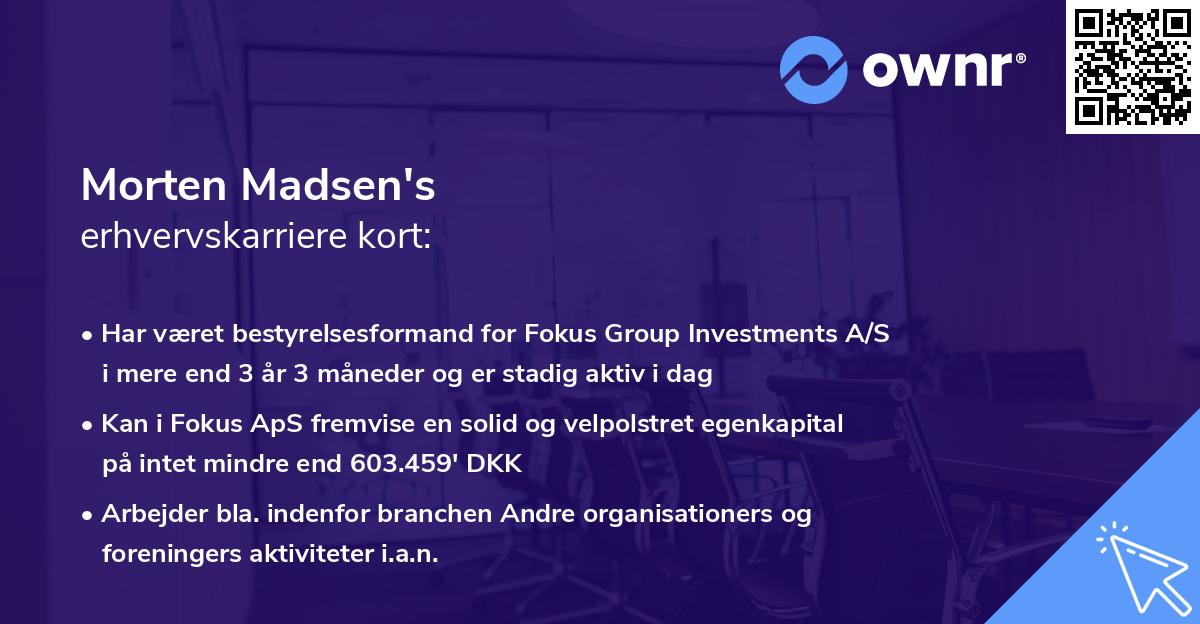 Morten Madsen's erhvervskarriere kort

* * *

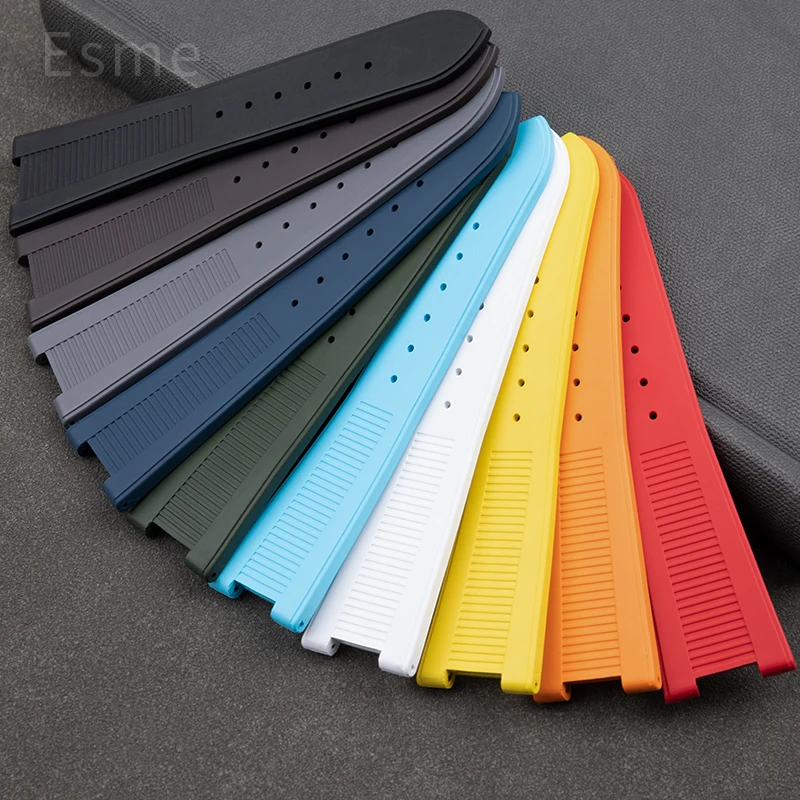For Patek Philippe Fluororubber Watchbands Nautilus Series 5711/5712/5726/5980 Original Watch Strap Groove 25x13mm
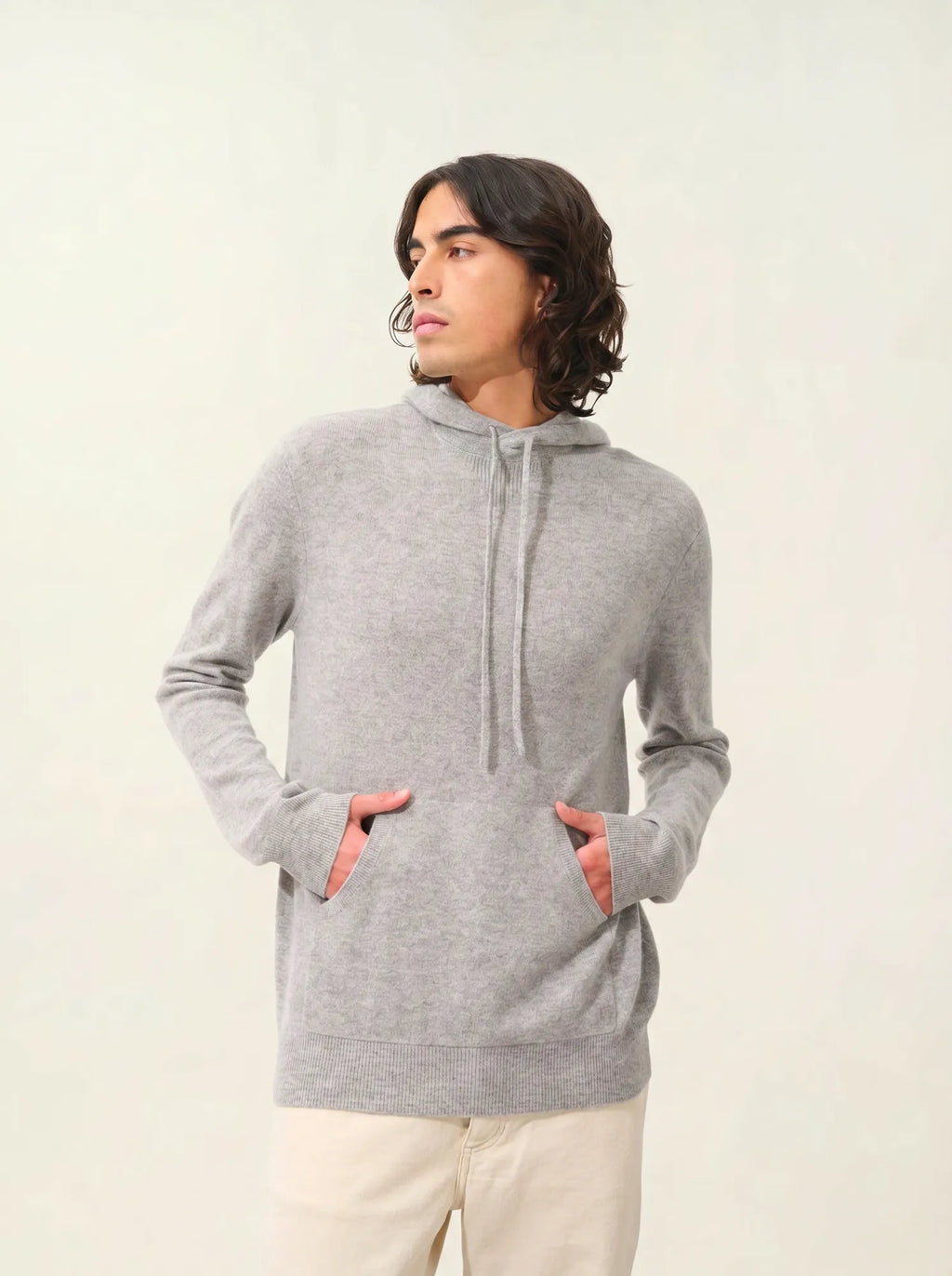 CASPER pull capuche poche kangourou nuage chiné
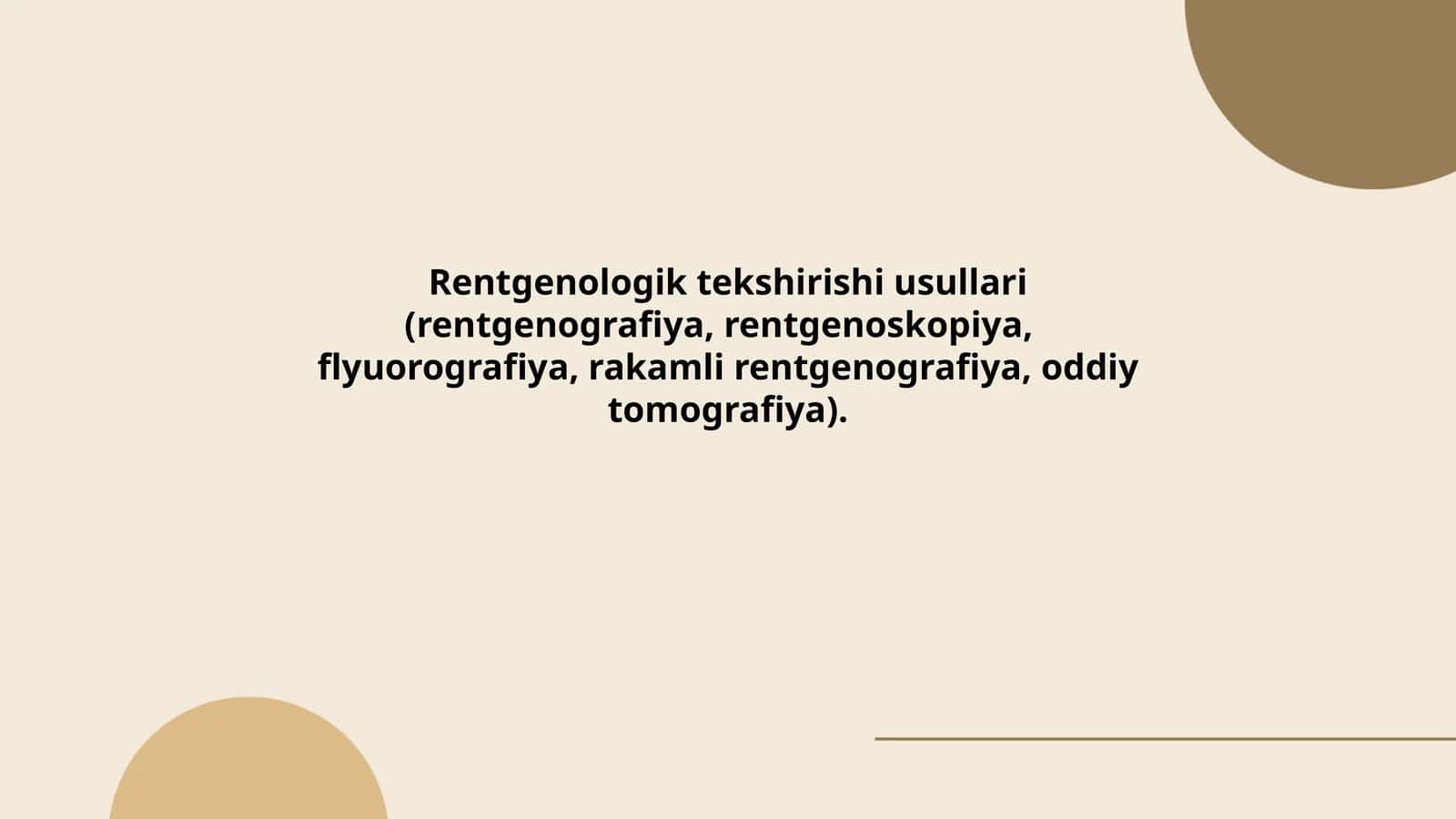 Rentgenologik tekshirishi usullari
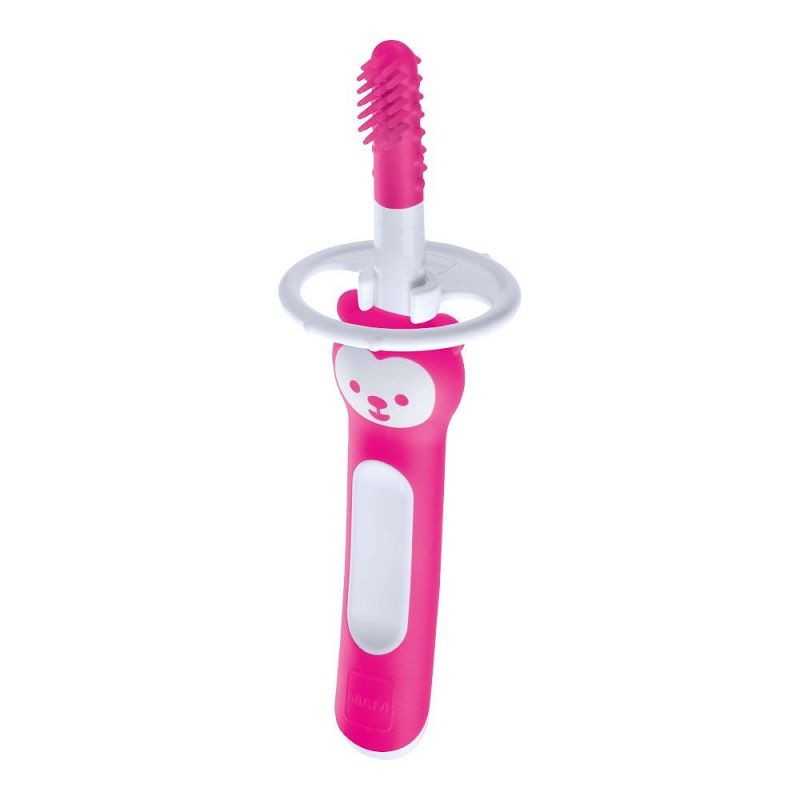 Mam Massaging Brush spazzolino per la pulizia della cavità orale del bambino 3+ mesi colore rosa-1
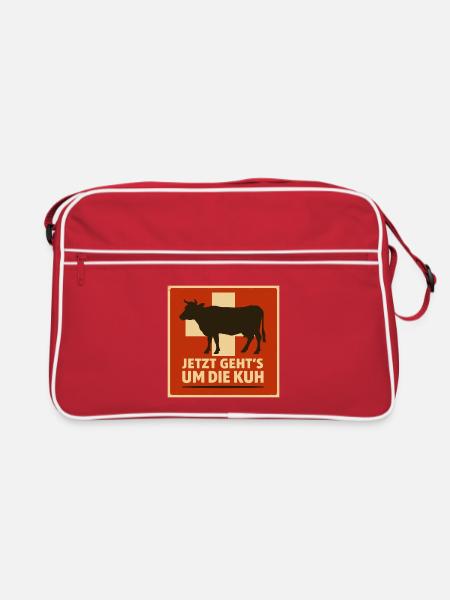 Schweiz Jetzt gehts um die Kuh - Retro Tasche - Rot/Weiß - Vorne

• _Directions for this task_: In the listing above, find the line holding "Mam Massaging Brush" and the line holding "Schweiz Jetzt gehts". Reproduce those two lines and all between them exactly, leaving out pictures.

• _Exercise result_:
 Mam Massaging Brush spazzolino per la pulizia della cavità orale del bambino 3+ mesi colore rosa-1
 Schweiz Jetzt gehts um die Kuh - Retro Tasche - Rot/Weiß - Vorne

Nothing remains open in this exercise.